And Wesley also said this :
“Reason alone cannot produce hope in any child of man: I mean
scriptural
hope, whereby we "rejoice in hope of the glory of God:" That hope which
St. Paul in one place terms, "tasting the powers of the world to come;"
in another, the "sitting in heavenly places in Christ Jesus:" That
which
enables us to say, "Blessed be the God and Father of our Lord Jesus
Christ,
who hath begotten us again unto a lively hope; -- to an inheritance
incorruptible,
undefiled, and that fadeth not away; which is reserved in heaven for
us."
This hope can only spring from Christian faith: Therefore, where there
is not faith, there is not hope. Consequently, reason, being unable to
produce faith, must be equally unable to produce hope. Experience
confirms
this likewise. How often have I laboured, and that with my might, to
beget
this hope in myself! But it was lost labour: I could no more acquire
this
hope of heaven, than I could touch heaven with my hand.”

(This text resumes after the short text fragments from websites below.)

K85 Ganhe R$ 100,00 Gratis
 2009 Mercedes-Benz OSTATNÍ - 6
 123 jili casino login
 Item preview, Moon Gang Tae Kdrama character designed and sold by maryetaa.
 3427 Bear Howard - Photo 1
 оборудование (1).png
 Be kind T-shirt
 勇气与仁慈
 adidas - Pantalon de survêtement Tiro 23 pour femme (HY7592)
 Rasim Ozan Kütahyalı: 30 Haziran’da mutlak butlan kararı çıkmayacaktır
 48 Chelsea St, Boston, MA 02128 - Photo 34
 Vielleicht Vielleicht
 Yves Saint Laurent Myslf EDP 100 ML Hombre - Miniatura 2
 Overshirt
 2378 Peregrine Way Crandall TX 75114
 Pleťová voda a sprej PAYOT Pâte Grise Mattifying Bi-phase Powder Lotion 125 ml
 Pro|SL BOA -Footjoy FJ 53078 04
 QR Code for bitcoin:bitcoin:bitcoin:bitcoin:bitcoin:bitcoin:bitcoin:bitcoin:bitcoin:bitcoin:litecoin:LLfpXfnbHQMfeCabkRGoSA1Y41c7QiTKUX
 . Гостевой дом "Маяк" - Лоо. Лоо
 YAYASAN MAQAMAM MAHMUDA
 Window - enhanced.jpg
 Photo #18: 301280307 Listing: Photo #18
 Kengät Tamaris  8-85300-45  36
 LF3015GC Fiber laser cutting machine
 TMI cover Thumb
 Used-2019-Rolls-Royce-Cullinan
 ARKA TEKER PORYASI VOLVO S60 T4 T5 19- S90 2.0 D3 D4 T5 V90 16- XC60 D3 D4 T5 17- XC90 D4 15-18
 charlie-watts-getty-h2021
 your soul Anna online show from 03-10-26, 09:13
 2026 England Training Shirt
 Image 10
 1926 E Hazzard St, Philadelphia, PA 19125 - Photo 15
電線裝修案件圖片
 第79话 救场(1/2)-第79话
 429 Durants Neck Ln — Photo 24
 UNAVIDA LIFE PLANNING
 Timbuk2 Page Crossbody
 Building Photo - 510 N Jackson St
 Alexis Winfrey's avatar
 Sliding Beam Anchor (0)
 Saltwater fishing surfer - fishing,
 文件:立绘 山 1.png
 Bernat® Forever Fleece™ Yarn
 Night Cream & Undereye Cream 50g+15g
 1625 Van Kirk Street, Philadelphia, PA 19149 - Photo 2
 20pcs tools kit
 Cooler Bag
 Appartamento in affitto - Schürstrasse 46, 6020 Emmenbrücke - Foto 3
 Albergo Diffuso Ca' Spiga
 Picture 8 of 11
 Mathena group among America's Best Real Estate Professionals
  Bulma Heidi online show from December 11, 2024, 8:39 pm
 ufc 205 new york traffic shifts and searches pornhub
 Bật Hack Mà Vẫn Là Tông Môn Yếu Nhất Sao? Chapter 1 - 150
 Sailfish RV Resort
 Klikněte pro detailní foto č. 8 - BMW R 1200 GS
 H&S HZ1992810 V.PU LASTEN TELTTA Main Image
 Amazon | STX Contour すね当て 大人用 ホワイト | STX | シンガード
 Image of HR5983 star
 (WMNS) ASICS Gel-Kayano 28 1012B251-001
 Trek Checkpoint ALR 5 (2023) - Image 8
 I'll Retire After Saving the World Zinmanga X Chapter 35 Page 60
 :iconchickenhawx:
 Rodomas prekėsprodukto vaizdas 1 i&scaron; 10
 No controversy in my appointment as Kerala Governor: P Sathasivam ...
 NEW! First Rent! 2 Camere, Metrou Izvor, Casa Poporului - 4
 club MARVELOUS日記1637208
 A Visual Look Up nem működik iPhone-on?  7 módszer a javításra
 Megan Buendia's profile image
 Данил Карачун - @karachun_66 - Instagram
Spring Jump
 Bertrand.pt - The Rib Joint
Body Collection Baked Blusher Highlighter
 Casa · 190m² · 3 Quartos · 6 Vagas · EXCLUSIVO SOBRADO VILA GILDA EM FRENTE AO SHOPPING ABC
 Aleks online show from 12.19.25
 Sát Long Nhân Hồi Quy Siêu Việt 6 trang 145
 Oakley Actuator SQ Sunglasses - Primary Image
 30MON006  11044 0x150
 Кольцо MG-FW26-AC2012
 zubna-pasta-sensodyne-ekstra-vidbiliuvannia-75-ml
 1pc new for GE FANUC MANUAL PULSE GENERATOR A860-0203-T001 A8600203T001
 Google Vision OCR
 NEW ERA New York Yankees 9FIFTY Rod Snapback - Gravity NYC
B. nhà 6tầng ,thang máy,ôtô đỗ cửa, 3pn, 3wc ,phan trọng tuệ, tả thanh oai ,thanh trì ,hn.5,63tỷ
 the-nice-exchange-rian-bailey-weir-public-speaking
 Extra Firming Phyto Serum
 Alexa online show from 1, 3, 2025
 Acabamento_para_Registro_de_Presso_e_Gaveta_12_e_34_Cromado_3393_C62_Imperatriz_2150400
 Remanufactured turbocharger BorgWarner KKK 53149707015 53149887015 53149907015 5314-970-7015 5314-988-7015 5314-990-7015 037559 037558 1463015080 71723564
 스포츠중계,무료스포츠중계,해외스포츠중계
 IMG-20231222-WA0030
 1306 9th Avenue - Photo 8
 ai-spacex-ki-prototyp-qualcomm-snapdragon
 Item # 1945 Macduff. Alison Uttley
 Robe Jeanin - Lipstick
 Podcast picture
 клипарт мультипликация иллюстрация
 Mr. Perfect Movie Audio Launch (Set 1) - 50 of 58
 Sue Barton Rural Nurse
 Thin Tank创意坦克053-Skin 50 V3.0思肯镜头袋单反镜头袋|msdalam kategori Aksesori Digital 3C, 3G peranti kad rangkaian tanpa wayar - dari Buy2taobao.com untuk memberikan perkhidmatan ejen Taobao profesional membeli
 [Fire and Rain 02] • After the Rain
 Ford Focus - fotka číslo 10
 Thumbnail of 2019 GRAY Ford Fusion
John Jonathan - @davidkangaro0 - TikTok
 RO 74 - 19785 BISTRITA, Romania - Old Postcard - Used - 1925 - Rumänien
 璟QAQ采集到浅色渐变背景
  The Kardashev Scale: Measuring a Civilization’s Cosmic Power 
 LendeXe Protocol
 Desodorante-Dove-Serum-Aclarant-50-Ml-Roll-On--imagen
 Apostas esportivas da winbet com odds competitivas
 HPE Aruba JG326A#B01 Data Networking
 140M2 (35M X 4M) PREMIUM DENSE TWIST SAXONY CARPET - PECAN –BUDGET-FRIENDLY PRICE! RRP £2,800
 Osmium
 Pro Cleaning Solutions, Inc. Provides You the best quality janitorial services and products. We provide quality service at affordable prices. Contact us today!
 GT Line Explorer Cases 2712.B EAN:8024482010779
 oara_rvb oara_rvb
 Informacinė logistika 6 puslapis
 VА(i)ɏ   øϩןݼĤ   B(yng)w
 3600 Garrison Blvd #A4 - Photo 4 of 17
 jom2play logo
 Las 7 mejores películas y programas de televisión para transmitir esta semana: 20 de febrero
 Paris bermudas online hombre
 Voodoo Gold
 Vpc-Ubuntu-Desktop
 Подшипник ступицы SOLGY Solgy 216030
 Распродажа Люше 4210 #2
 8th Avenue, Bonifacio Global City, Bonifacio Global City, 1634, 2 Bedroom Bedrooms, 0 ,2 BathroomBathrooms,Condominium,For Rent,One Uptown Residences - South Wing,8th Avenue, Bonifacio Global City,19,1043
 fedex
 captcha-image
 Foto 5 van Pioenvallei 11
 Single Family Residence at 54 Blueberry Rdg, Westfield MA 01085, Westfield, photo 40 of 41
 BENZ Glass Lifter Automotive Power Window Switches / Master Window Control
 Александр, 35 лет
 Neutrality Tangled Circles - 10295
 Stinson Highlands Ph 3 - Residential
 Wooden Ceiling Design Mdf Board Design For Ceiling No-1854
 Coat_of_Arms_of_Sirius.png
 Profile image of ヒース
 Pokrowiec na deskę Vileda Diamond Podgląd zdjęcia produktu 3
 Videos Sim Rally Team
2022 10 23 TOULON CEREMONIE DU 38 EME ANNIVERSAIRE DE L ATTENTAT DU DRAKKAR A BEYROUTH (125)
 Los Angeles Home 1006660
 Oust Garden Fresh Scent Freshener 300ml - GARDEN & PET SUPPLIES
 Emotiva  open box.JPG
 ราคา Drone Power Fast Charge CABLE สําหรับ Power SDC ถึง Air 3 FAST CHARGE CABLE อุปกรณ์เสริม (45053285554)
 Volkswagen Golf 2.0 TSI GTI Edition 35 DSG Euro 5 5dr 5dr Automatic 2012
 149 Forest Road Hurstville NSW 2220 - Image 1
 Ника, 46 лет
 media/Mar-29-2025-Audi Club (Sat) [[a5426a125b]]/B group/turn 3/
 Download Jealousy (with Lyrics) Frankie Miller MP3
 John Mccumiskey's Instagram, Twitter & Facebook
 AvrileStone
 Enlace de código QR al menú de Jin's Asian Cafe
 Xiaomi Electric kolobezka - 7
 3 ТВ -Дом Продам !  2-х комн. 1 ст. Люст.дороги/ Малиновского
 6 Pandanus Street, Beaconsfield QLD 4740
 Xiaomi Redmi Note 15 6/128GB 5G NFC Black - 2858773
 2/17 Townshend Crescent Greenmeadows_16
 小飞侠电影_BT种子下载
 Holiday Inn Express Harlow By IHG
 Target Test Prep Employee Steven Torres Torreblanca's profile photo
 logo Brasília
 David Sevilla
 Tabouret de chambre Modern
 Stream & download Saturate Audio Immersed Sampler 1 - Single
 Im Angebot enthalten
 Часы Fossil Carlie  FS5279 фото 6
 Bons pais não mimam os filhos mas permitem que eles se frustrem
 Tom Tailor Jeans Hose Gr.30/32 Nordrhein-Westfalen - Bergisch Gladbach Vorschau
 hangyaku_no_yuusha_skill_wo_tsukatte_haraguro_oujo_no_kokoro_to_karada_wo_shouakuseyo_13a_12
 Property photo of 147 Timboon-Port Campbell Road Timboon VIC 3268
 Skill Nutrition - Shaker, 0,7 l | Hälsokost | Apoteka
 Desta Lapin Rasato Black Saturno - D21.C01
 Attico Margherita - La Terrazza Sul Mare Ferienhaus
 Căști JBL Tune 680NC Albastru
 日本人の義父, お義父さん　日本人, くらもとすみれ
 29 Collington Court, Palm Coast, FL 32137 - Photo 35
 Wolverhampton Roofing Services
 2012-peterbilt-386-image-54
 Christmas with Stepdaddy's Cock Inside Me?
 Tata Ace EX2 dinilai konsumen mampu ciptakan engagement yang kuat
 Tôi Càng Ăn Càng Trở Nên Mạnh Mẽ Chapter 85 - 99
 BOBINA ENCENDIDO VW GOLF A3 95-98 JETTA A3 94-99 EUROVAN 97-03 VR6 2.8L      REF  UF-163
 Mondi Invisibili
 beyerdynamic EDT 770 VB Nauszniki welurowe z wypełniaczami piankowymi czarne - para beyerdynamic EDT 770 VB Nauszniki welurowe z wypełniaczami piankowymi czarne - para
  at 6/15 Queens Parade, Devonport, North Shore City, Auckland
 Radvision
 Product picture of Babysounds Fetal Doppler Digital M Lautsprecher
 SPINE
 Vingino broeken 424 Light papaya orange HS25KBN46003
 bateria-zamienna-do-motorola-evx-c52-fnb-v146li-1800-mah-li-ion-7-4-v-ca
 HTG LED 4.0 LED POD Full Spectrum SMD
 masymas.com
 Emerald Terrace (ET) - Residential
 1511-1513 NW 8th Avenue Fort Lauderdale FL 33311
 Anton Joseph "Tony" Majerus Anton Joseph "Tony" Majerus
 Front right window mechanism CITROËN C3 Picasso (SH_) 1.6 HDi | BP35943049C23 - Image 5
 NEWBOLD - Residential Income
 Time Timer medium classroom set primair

Paul Tillich said that doubt is associated with
faith. Is his words “the
doubt involved in faith is not the same as the methodological doubt
utilized
by physical scientists, a doubt that systematically questions the truth
or falsity of propositions. Nor is the doubt of faith to be identified
with the skeptic’s attitude of doubt that rejects every concrete truth
and even despairs about possessing any truth at all”.
It is clear that Wesley struggled with doubt as
many of us do. It finally came clear to him that he doubted the
possibility
of a world without God and therefore believed in a world with God which
led him to accept the word of God as found in Christian
scriptures.
In contrast Tillich’s treatment of doubt nosedives into
negativism,
giving way to unmitigated despair. Perhaps for him it was the
catastrophic
impact of the great world war upon him and his native Germany, and his
personal experiences in the trenches which events were followed by the
Zeitgeist of Existentialism with its truncated emphasis upon anxiety,
despair,
and meaninglessness.
Divisions in
Christianity
It is very unfortunate that Christianity from its
earliest days has suffered from divisions. The concept that Jesus
was born a man but is also God incarnate, i.e. God made human, is not
easily
comprehended and is subject to differences of opinion and
interpretation.
We need to be aware of these differences but not over emphasize them.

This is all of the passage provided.